Exercise: In the records below, find the line containing "thumbnail image 3". Output it and every line after it to the end, unchanged, with no pictures.
• • • •
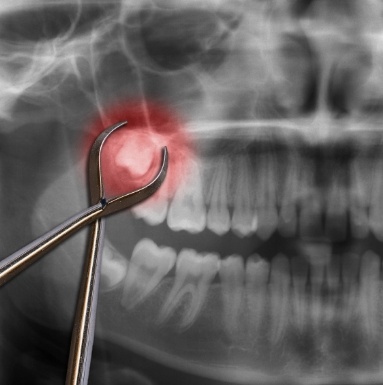 X ray of impacted wisdom tooth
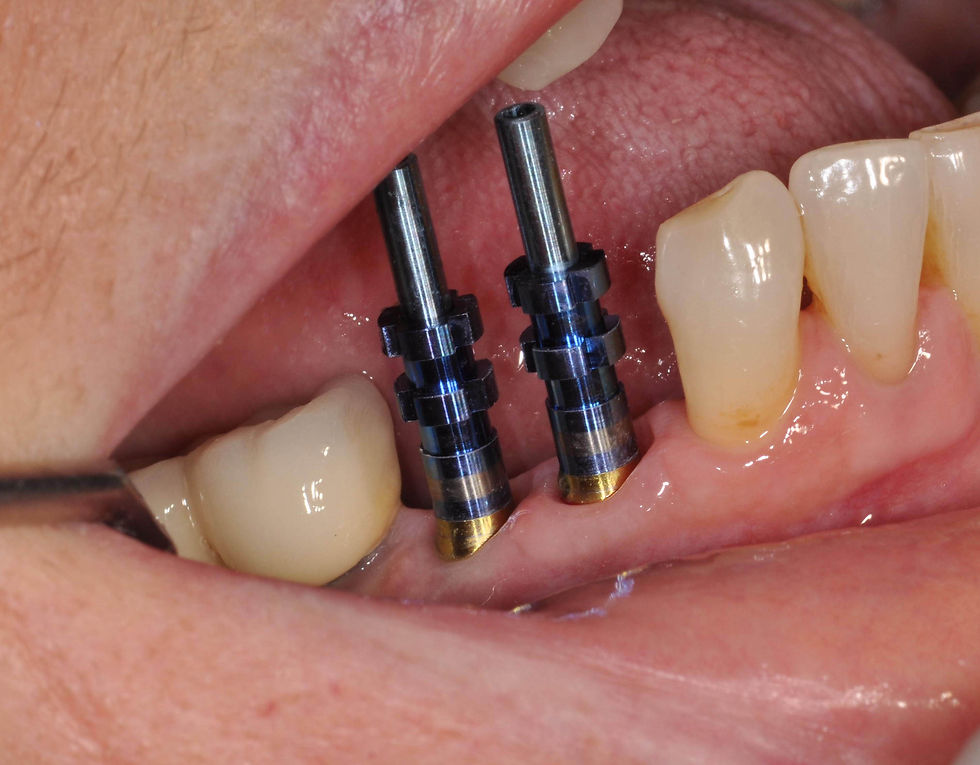 Image courtesy of: Prof. Marco Gargari, Dr. Federico Guzzo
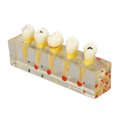 thumbnail image 3 of Modelo de diente de caries BuyWeekMX Modelo de dientes de enseñanza Compacto y liviano, 3 of 9
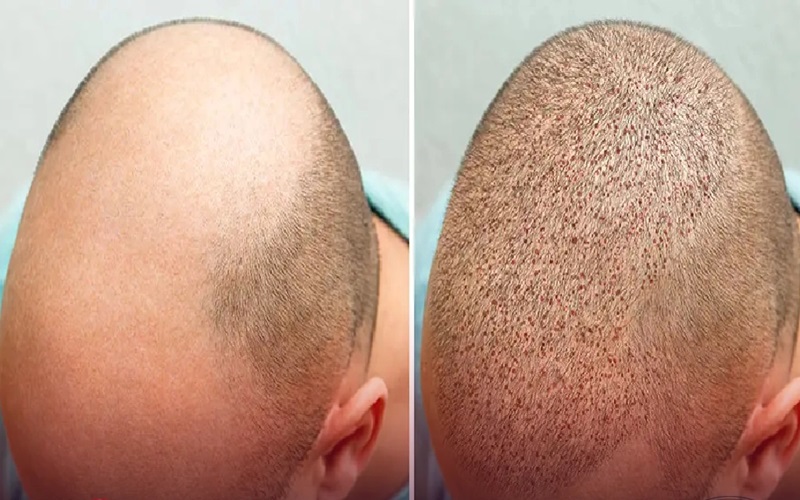 مراقبت از موی کاشته شده؛ چگونه از موهای کاشته شده خود مراقبت کنیم؟ 2 نکات کلیدی مراقبت از موی کاشته شده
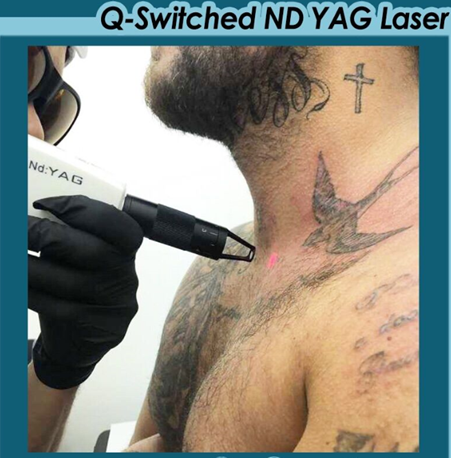 Equipamento laser qs 1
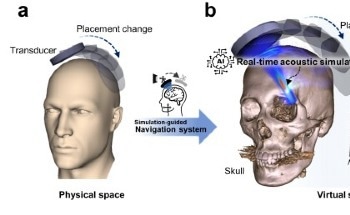 AI Reduces the Obstacles to Treating Ultrasonic Brain Disease
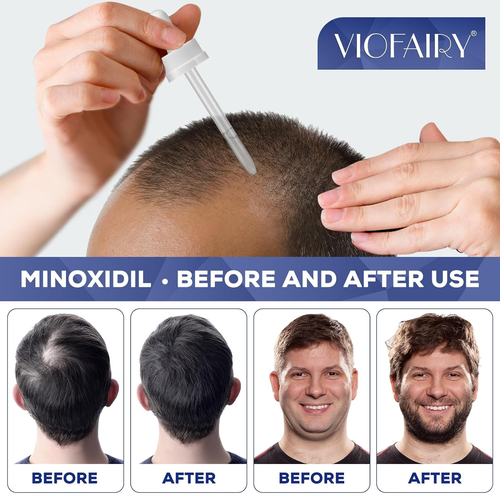 Tratamiento Eficaz para Hacer Crecer La Barba y Cabello - Crecimiento De Vellos - Bild 2 von 6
• • • •
Output of the task:
 thumbnail image 3 of Modelo de diente de caries BuyWeekMX Modelo de dientes de enseñanza Compacto y liviano, 3 of 9
 مراقبت از موی کاشته شده؛ چگونه از موهای کاشته شده خود مراقبت کنیم؟ 2 نکات کلیدی مراقبت از موی کاشته شده
 Equipamento laser qs 1
 AI Reduces the Obstacles to Treating Ultrasonic Brain Disease
 Tratamiento Eficaz para Hacer Crecer La Barba y Cabello - Crecimiento De Vellos - Bild 2 von 6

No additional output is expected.